The woman who blew the lid on the child sexual exploitation scandal in Rotherham is to begin working on a national inquiry into historical child abuse today.
Professor Alexis Jay, who published a report which revealed that 1,400 children had been groomed and abused by largely Asian men in Rotherham while authorities turned a blind eye, is on a panel of experts set up last year amid claims of an establishment cover-up following allegations that a paedophile ring operated in Westminster in the 1980s.
Led by Judge Lowell Goddard, the inquiry has the power to compel witnesses to give evidence.
The inquiry’s terms of reference state that its purpose will include considering ‘the extent to which State and non-State institutions have failed in their duty of care to protect children from sexual abuse and exploitation’.
It will cover England and Wales.
Today Justice Goddard will outline how the inquiry will run, how evidence will be taken, timescales and areas of public life that will be examined.

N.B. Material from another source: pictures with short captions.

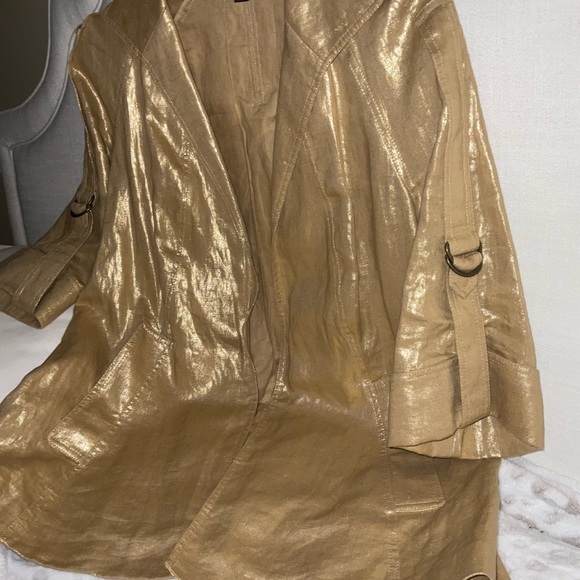 LAFAYETTE 148 NEW YORK SMALL gold blazer suit jacket - Picture 8 of 9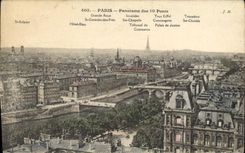 CPA Paris Panorama de 10 Ponts
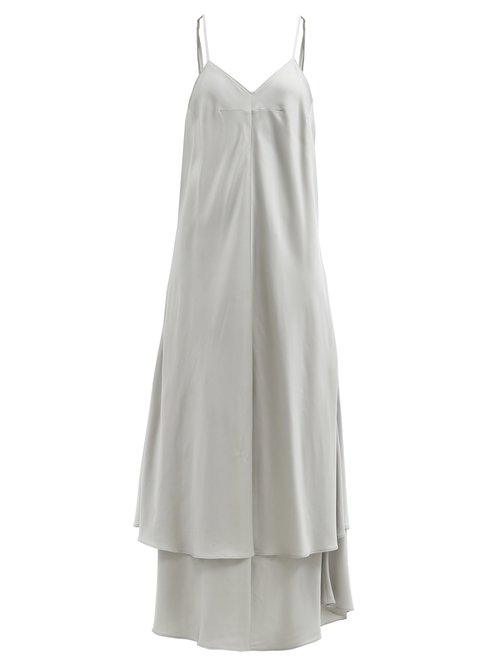Mm6 Maison Margiela – Tiered-hem Twill Trapeze Dress Light Grey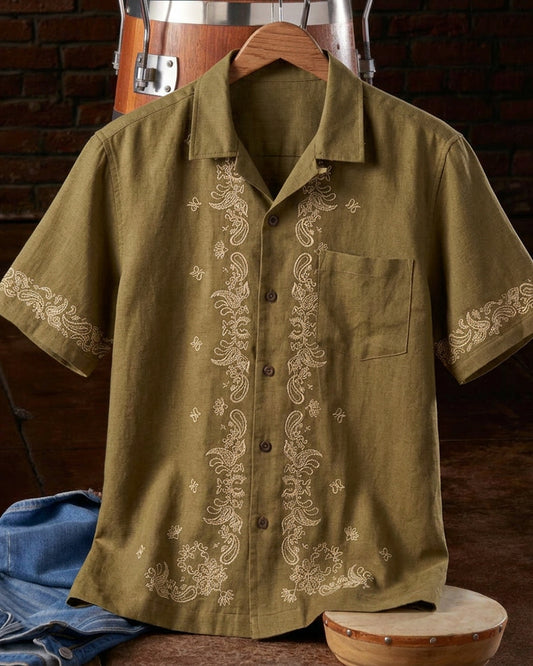 Men's Button Down Short Sleeve Patterned Shirt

Professor Jay will work alongside Professor Malcolm Evans, of Bristol University; child protection barrister Ivor Frank and Drusilla Sharpling, of Her Majesty’s Inspectorate of Constabularies.
Phil Shiner, of Public Interest Lawyers, which is acting for a number of survivors of historic abuse, said the importance of the inquiry ‘cannot be underestimated’.

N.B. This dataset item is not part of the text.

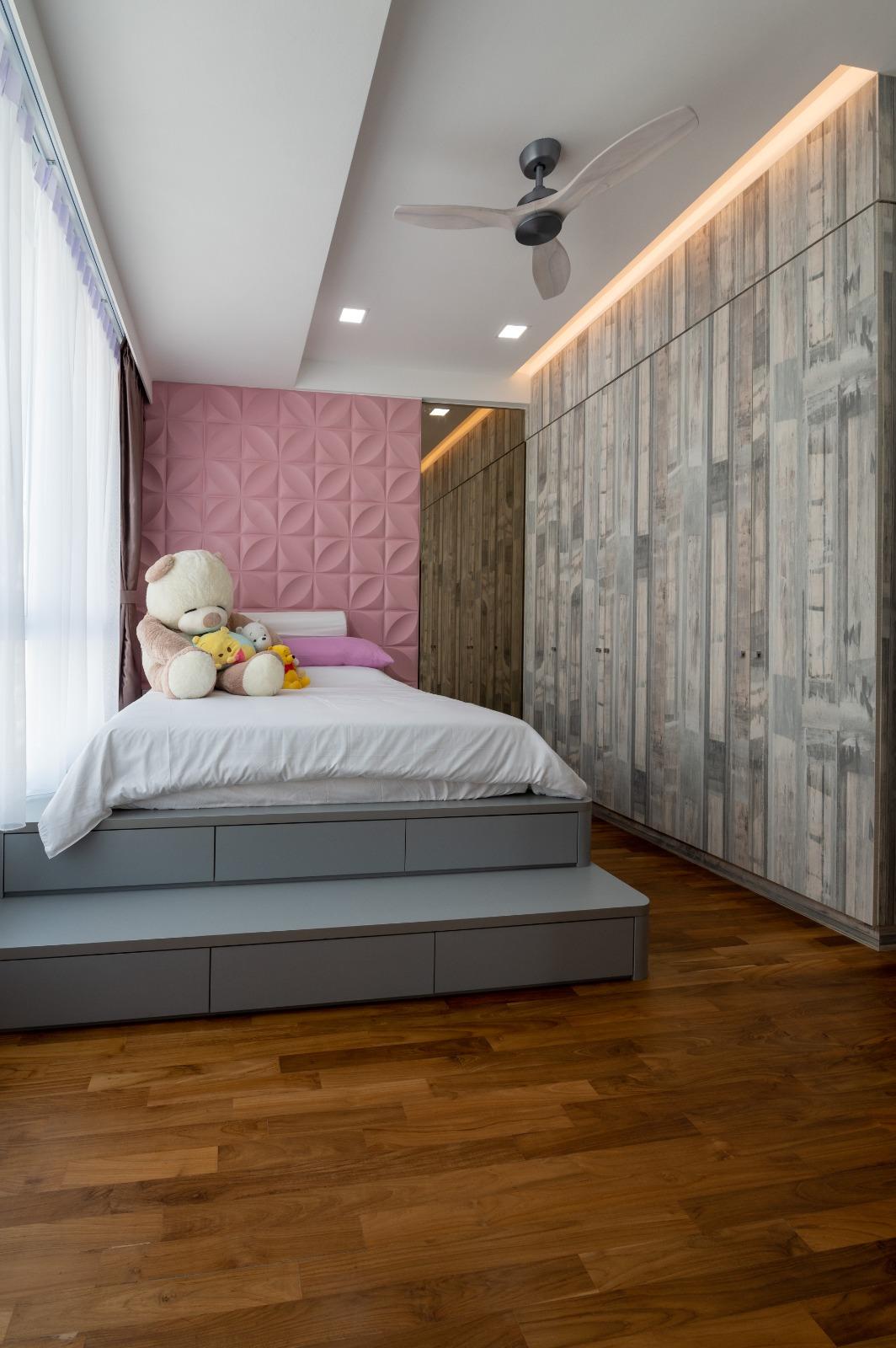 Transitional Bedroom with Platform Bed and Parquet Floor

A team of trained counsellors will operate a free dedicated helpline on behalf of the NSPCC to support those wishing to give evidence to the inquiry.
The charity’s chief executive, Peter Wanless, said: “Many victims of abuse have been waiting too long for an opportunity to speak out and get justice.
“Many of them will have harrowing stories to tell so we want to make what could be a tortuous journey as easy as possible.
“Our counsellors have vast experience of dealing with sensitive issues so the dedicated helpline will be a vital part of the inquiry’s work.
“As long as survivors of abuse want to come forward we will be here to listen to them and provide support.”
The helpline number is 08000 121 700.